Salt damage on asphalt surfaces under repeated dissolution at molecular scale

Abstract

Salt damage on asphalt surfaces is primarily attributed to migration of ions, with repeated dissolution exacerbating the degradation of asphalt performance. To investigate micro mechanism of salt corrosion on asphalt surfaces during repeated dissolution, this research uses molecular dynamics (MD) simulation and experiments to measure interactions among asphalt, salt, and water. Asphalt-salt systems and asphalt-water interfaces are built to calculate molecular damage behaviors by energies, mobilities, and distributions, along with micro-morphology and rheological properties of asphalt samples under salt corrosion. The interaction energies of salt with asphalt exhibit a hierarchy with Mg2+ ˃ Ca2+ ˃ Na+ and SO42- ˃ Cl-, predominantly governed by electrostatic energies.
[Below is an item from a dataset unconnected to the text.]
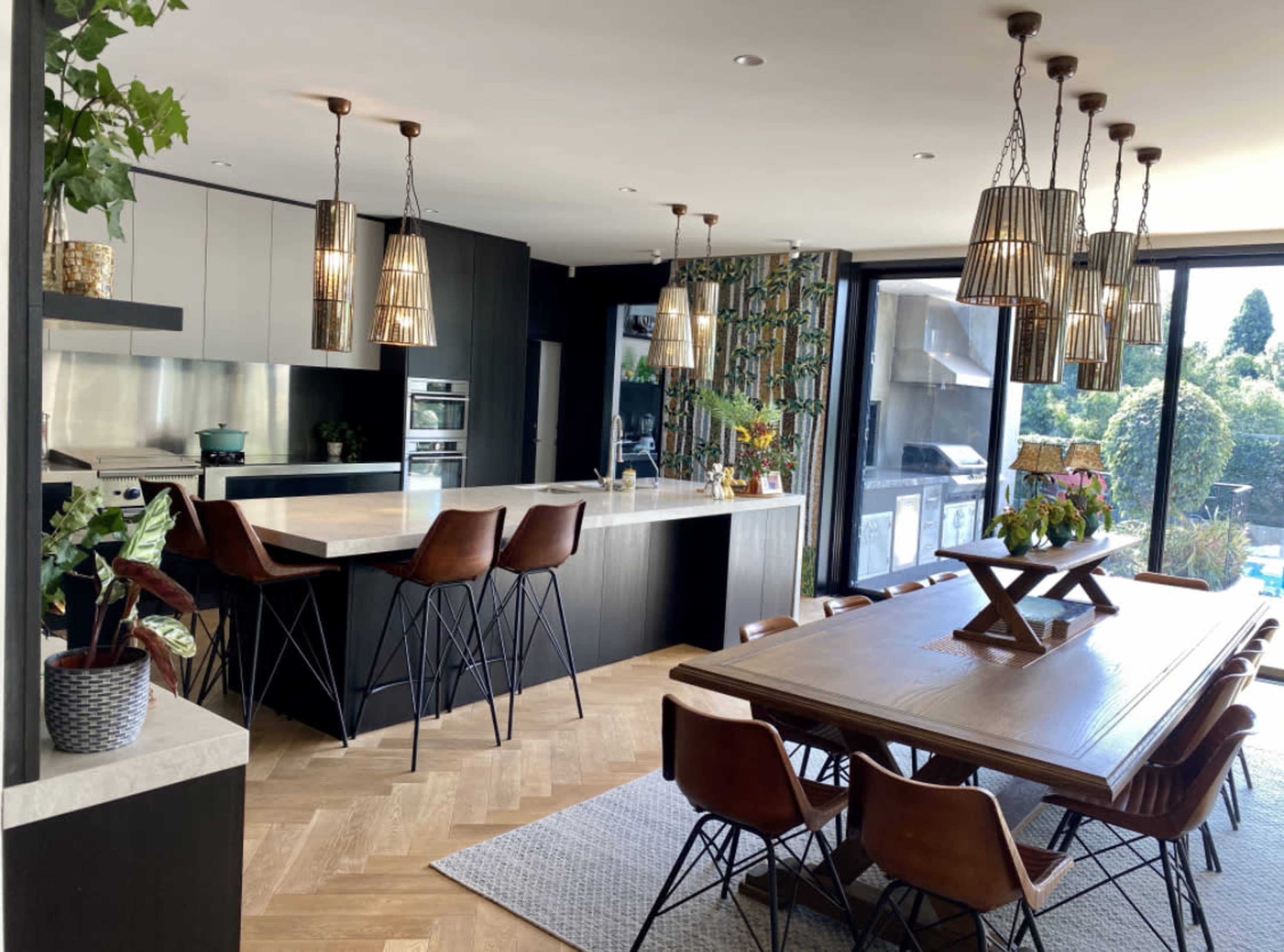 The image shows a modern kitchen and dining area with a large wooden table, sleek cabinetry, and multiple pendant lights hanging above the island.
Repeated dissolution is a dynamic damage process. When water contacts on salt-eroded asphalt surfaces, salt ions migrate into water, forming solutions. Sulfates exhibit slower mobility and higher structural stability compared to chlorides, owing to smaller free volume, stronger interaction, and weaker water debonding. Rheologically, salt-eroded asphalt manifests as stiffer and tougher than water-eroded or base asphalt. These asphalt samples undergo softening and increased viscosity due to loss of salt ions. Consequently, compared to chlorides, sulfates demonstrate stronger interactions with asphalt and more difficulty in diffusing to water, resulting in severer damage on asphalt surfaces.